Sheffield City Council are in a pickle to be fair - signed up to a £25bn 20-year PFI deal with Amey, and faced with massive penalties if they want to alter the legal arrangement between the two parties.
Amey are also on shaky ground - contracted to remove trees at an agreed weekly rate and only removing a fraction of those on the list. Cynics could argue that the city council is waiting for this failure to provide the authority with its own ‘get out of jail free
More than five thousand trees have gone so far under the arrangement, but protests have seriously stalled the process.
Even Michael Gove has waded into the row, hinting that the Government may be willing to step in and contribute towards contract termination penalties - effectively bailing out the city council.
“We will make sure that we will do anything that is required in order to stop this,” he said at the time.
But that was back in March and the Government has since gone very quiet.
So on one side we still have the tree protesters - determined to disrupt felling operations and cause as much disruption and financial inconvenience as possible, despite High Court injunctions in place against some of them.
There is even talk from the STAG camp of a fresh legal challenge of their own, which they hope will show the arrangement between the city council and Amey is not contractual.
On the other side we have Sheffield City Council, sticking to its guns that the trees must go - and now elections are over, can we expect the current ‘suspension of activities’ to be lifted?
And in the middle are Amey - a purveyor of the new economics of PFI; of signed in exclusive deals away from the free market; where in can cost ten grand to carry out work to preserve a mature tree, or about 900 quid if you listen to STAG.

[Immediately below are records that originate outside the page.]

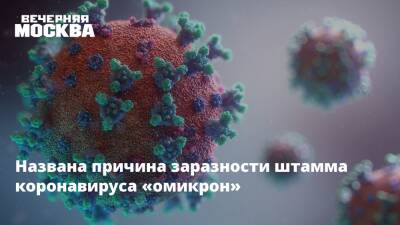 Названа причина заразности штамма коронавируса «омикрон» - vm.ru - Колумбия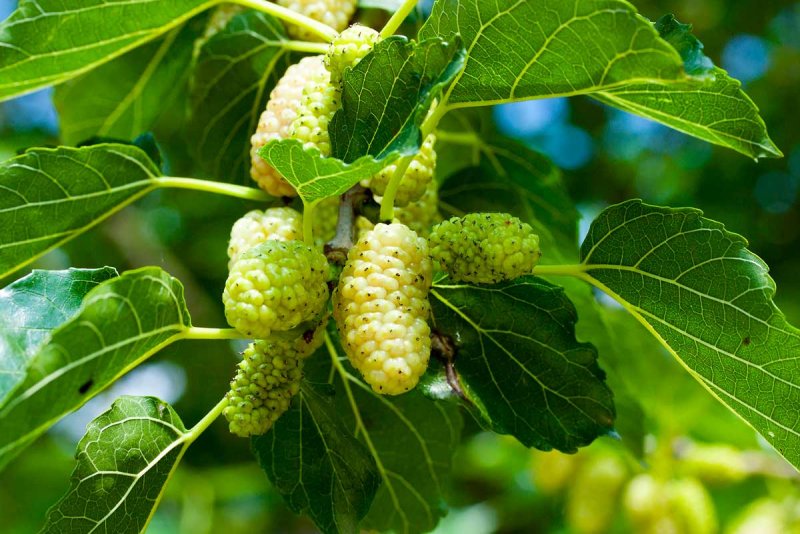 Шелковица белая Morus Alba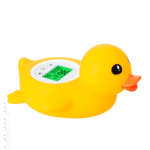 Pool Thermometer Ente​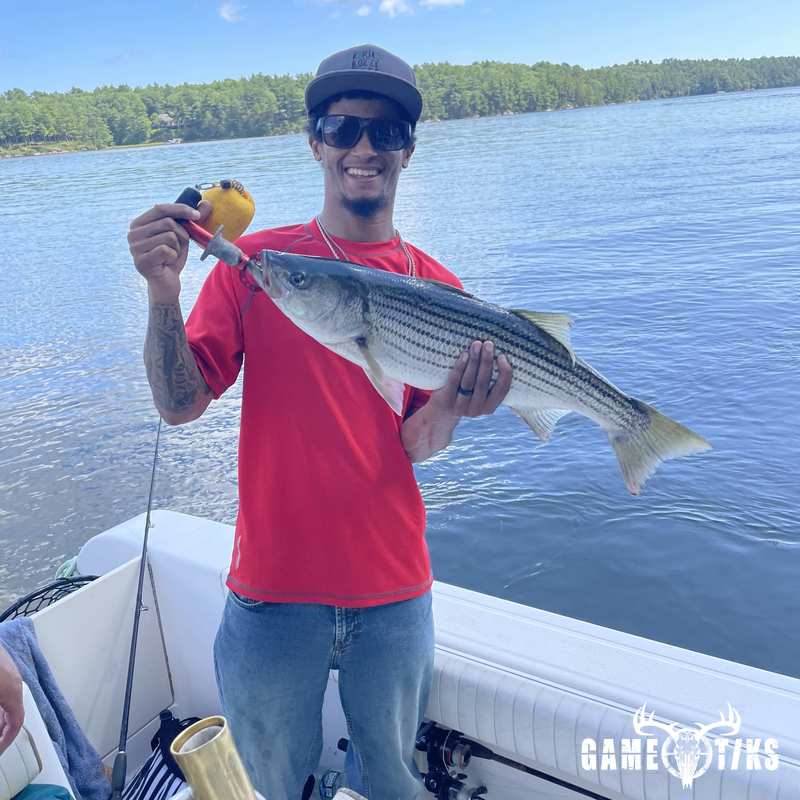 fish harvest by Maine Experience Guide Service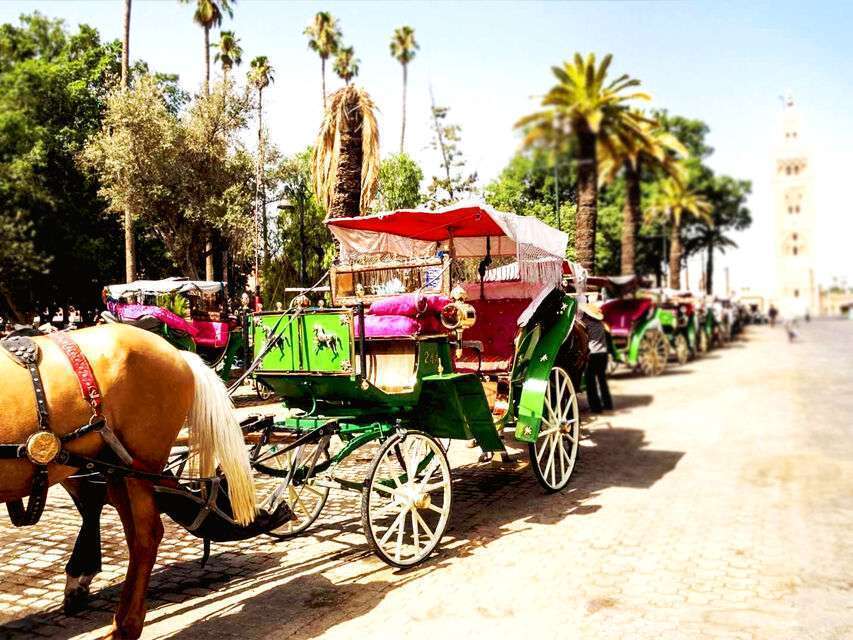 Marrakech Private 2-Hour Horse-Drawn Carriage Tour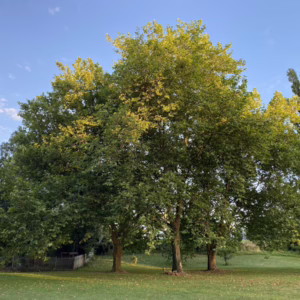 Platanus x acerifolia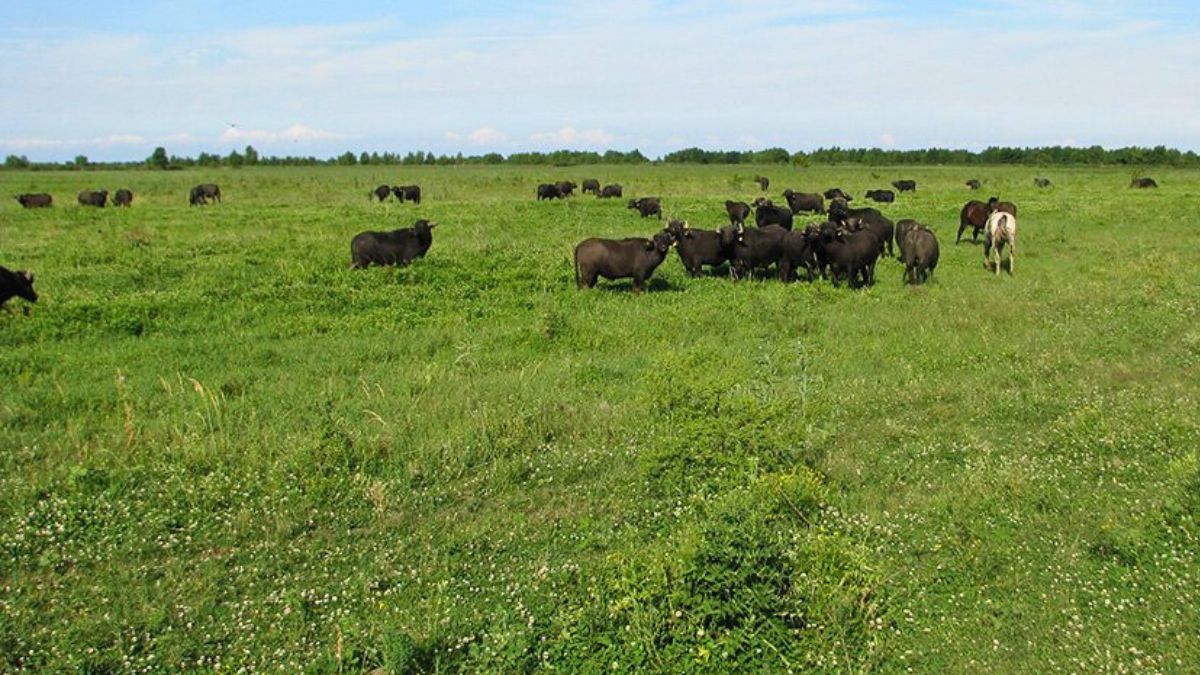 “Estamos ubicados en el reservorio de agua dulce más importante del país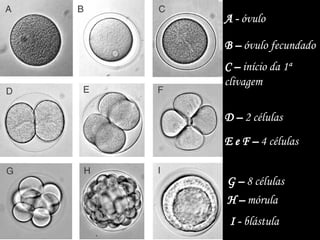 A - óvulo
C – início da 1ª
clivagem
B – óvulo fecundado
D – 2 células
E e F – 4 células
G – 8 células
H – mórula
I - blástula
 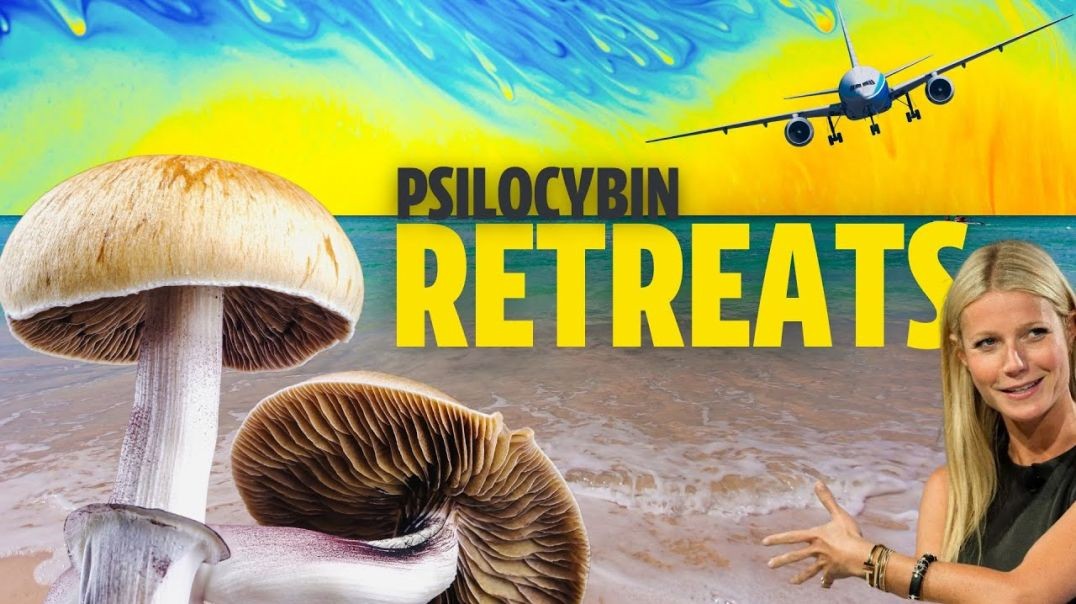 ⁣Why Everyone's Doing Magic Mushrooms In Jamaica (Psilocybin Retreats)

So what exactly are the options?
1) The council could bite the financial bullet and ask for the contract with Amey to be renegotiated. This could have massive financial implications for the authority, potentially leaving it millions out of pocket.
2) The tree campaigners could cease their activities and allow the felling to continue. Although based on recent discussions, STAG seem poised to re-commence as soon as the contractors are back out on the streets.
3) The council could carry on regardless - head in sand, blaming STAG and ignoring the massive police overtime budget that is being ramped up. With the resignation of Brian Lodge, are we likely to see a change of policy?
4) The government could intervene and throw money at Amey to meet the costs of the city council pulling out of the contract. They could also look at changing the law - either in the council’s favour or in STAG’s.
5) The council could ceace the operations - but this would mean forking out to pay off Amey, and Labour leader Julie Dore has already stated that ‘there is no more money on the table’.
So how about a compromise? How about the council only goes after the damaged trees and starts listening to its residents rather than lecturing them? How about Amey comes to the table and looks beyond merely profit? How about South Yorkshire Police get more proactive,
start billing the city council and Amey for this outrageous waste to the public purse? How about the Government stump up some cash, or change the law . . . or literally anything to break this idiotic deadlock.
At the end of the day, compromise is the only way ahead.